What you get from lasers is very high gain in the direction it is pointed in, but it's still subject to the inverse square law.
It's capable of being enough gain to be interesting, to be seen from a great distance.
If you engineer it so the gain is enough to outshine the rest of the parent galaxy in the direction it is pointed, then that's effectively good enough because the galaxy is also following inverse-square and you'll continue to outshine the parent galaxy even as you and it both get weaker, but it's still falling off inverse-square.
shagie
7 days ago
I stand corrected on the inverse square.
I still hold that it would be possible to send and detect signals set with intention with not too much more advanced technology than what we have.
WJW
7 days ago
Anywhere in the galaxy within the super narrow beam that the Arecibo antenna happened to cover at the time, at least.
quantadev
7 days ago
The energy density drops off as inverse square law, but the photons go forever. Radio is just photons (light) so it goes forever until it interacts with something it hits. The expanding universe will stretch it's wavelength slightly however.
WJW
7 days ago
Sure, but the amount of photons as a percentage of the background radiation drops as a function of the distance. It's not all that far away in cosmic distances when any signal from Earth is millions of times less powerful than the noise level.
quantadev
7 days ago
> amount of photons as a percentage of the background
That's what "density" means. (i.e. the amount of something per unit volume)
> noise level
A photon will travel thru space forever without losing energy, unless it hits something. What noise are you talking about?
WJW
6 days ago
> A photon will travel thru space forever without losing energy, unless it hits something. What noise are you talking about?
I'm talking about the https://en.wikipedia.org/wiki/Noise_floor, in particular the unavoidable receiver noise caused by the cosmic background radiation.
A single photon is not a viable communication signal, certainly not at interstellar distances. In practice you need to send out some sort of modulated beam. Even very narrow beams have nonzero dispersion, so the further you get the lower the signal energy will be at an antenna of a given size. So to get more energy you'd need a bigger antenna, but that in turn means receiving more of the background noise as well.
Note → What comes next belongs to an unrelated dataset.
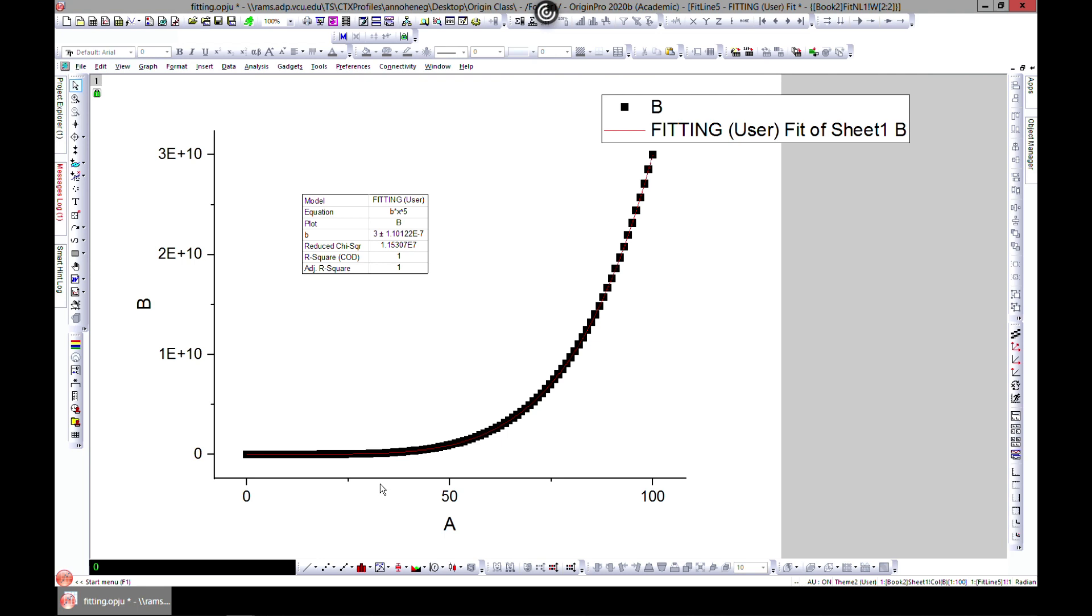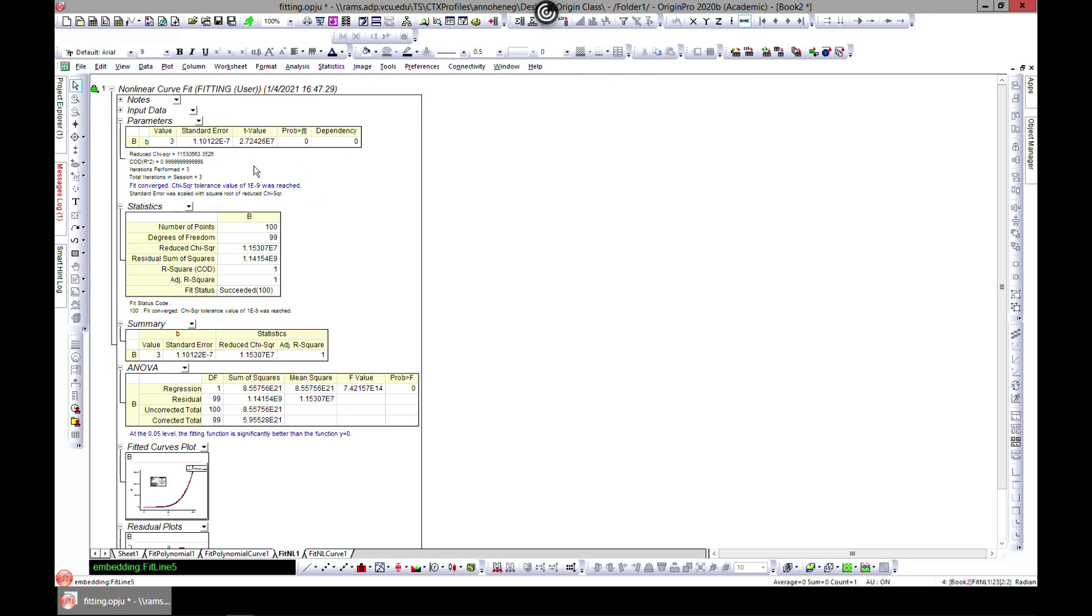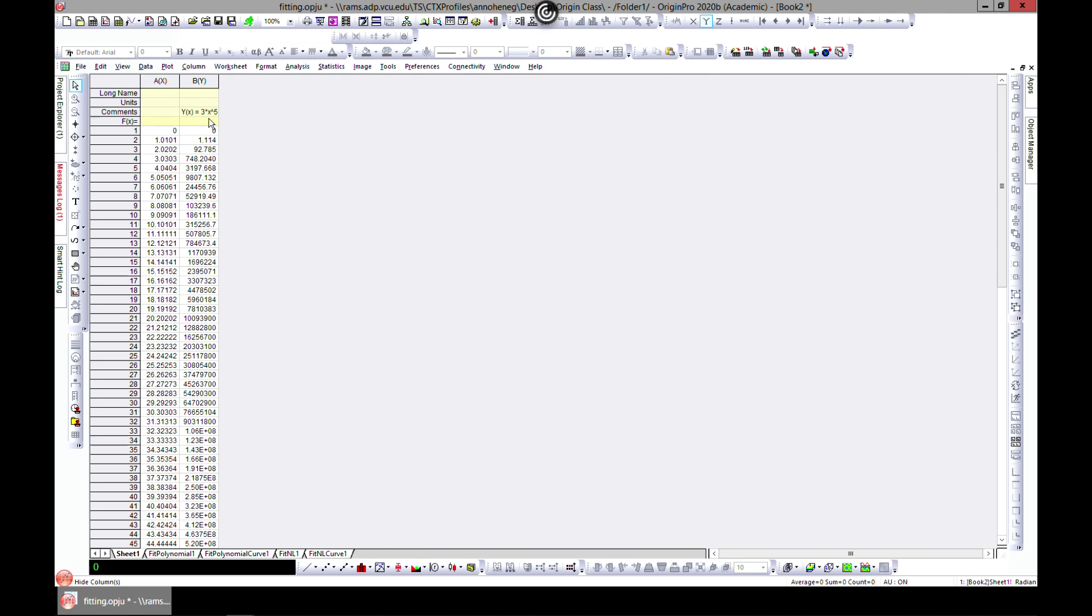fit to your dataset. It gives you your equation and tells us that b is this number. So b is probably 3 times x to the power of 5, which is quite consistent because we used b to be 3x to the power of 5. That is it for nonlinear fit.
In practice there is a minimal signal strength level at which it is still practical to receive the signal.
Long story short: A photon will go on forever (unless it hits something), but a radio signal rapidly spreads out so much that no realistic receiver will be able to recover it from out of the cosmic background noise.
quantadev
6 days ago
I didn't say sending single photons at a time is a viable communications mechanism. I said a photon will travel indefinitely, without losing any energy, until it interacts with something.
Interestingly, if you send out a single photon from a radio antenna not even the universe itself will have 'determined' which direction it even went until it DOES interact, because there would be a Quantum Mechanical superposition/indeterminacy similar to the famous slit-experiment, if you were dealing with one photon at a time.
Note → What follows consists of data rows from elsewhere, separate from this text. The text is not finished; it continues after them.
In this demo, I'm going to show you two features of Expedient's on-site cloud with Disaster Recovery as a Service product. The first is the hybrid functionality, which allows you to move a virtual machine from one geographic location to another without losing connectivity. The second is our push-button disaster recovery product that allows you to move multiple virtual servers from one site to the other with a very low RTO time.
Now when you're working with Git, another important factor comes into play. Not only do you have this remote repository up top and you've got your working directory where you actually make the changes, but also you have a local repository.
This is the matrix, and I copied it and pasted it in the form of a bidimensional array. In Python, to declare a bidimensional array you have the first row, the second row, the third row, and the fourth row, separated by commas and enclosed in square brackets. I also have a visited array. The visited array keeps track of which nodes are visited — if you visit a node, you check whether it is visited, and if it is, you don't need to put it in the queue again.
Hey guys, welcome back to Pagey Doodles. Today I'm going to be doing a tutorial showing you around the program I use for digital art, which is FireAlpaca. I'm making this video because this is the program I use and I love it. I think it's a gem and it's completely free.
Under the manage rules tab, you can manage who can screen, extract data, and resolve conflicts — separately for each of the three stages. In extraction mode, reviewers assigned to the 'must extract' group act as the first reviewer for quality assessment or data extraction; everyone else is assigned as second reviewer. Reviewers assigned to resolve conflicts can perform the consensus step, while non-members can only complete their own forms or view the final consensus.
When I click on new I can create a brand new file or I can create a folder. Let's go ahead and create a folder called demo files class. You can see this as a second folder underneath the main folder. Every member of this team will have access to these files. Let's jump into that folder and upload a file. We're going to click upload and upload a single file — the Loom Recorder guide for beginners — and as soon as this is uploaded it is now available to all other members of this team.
So even the thought experiment itself is complex due to wave/particle duality.
oneshtein
6 days ago
Regular EM Radio waves are not photons. Photons have special configuration which prevents leaks into surrounding space, while regular radio waves are just waves.
quantadev
6 days ago
Nope. Radio waves are made of photons. All EM waves are made of photons.
oneshtein
6 days ago
Radio waves are not photons. Light beams are not photons.
Light beams (or similar sources of EM waves generated by individual electrons or nucleus) are made by photons. We can record individual photons.
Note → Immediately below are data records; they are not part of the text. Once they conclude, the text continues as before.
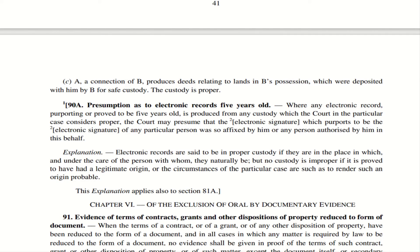Section 90A — Presumption as to electronic records which are five years old. If an electronic record is five years old and is produced from proper custody, the court presumes that the signature is correct and the person who executed it has done so in a proper manner, or it has been signed by a person authorized to sign it. Electronic records are said to be in proper custody if they are in the place where they are naturally supposed to be. If someone proves that the document had a legitimate origin, or that the circumstances prove the origin to be probable, the electronic record is deemed to be in proper custody.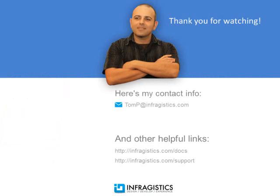Infragistics on the web at Infragistics.com.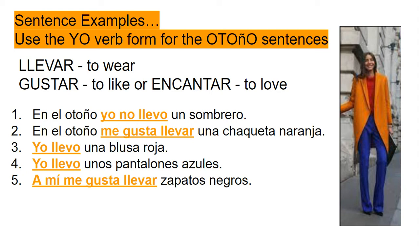Look how I set this up. I'm describing the girl on the right. En el otoño, yo no llevo un sombrero. En el otoño, me gusta llevar una chaqueta naranja. Yo llevo una blusa roja. Yo llevo unos pantalones azules.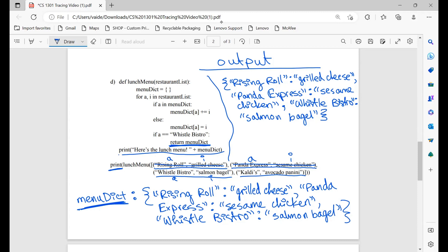For example, if we had a return right here, nothing would print except whatever our return value is. So if we had 'return 2', as soon as the function is called, we'd initialize a menu dictionary but then return 2 and ignore the rest of the function. Keep in mind that whenever you hit the return, you automatically exit the function and stop execution.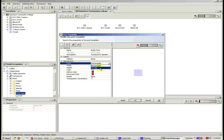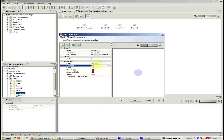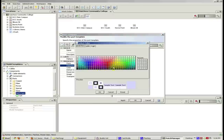Since we want a circular port, we change the form to circular. Then we alter the diameter to a good size. Finally, we change the port color to a different color.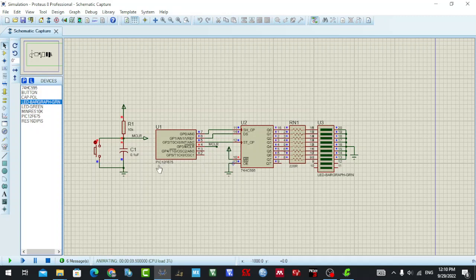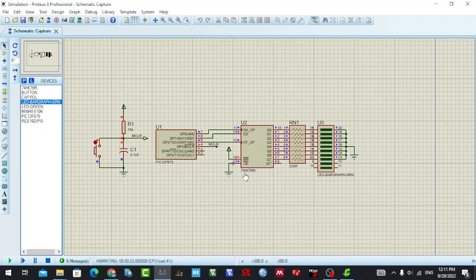So we save the pins - with the PIC12F675 we just have six pins and one pin is used for reset, so in fact we just have five pins to connect with output. Now we're just using three pins, and using the 74HC595 IC we can expand to eight output pins to save our pins and connect with a lot of devices at the output.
Maybe, radio waves are made of photons, but nobody confirmed that yet, so I can safely say «no». If you can confirm that, Nobel prize is yours.
Are radio waves quantized? Of course, at Planck scale.
Is it possible to form a single 100kHz photon using a macro antenna? I hope for «yes», but I have no idea about «how».
shadowgovt
4 days ago
The experiment (one of them, that I'm aware of) that cements wave-particle duality is that you can dial the energy of an emitter down until it's emitting one photon at a time and still detect interference in a double-slit experiment. This is impossible if the photons and waves are distinguishable phenomena.
Radio waves are photons; photons are quantum entities that have particle- and wavelike behavior simultaneously.
quantadev
5 days ago
Maybe check Wikipedia? Because it refutes you in the first sentence on the articles for "radio", "photon", and "light". You're just being pedantic about word definitions to play games with people.
oneshtein
6 days ago
Photons are EM-waves. Are photons made of photons?
quantadev
5 days ago
Great, now add to that the fact that radio waves are an EM-wave too, and that answers your original confusion.
oneshtein
5 days ago
So, in your opinion, photons are EM-waves, which are made of photons, which are EM-waves, ad infinitum? Or you oppose this?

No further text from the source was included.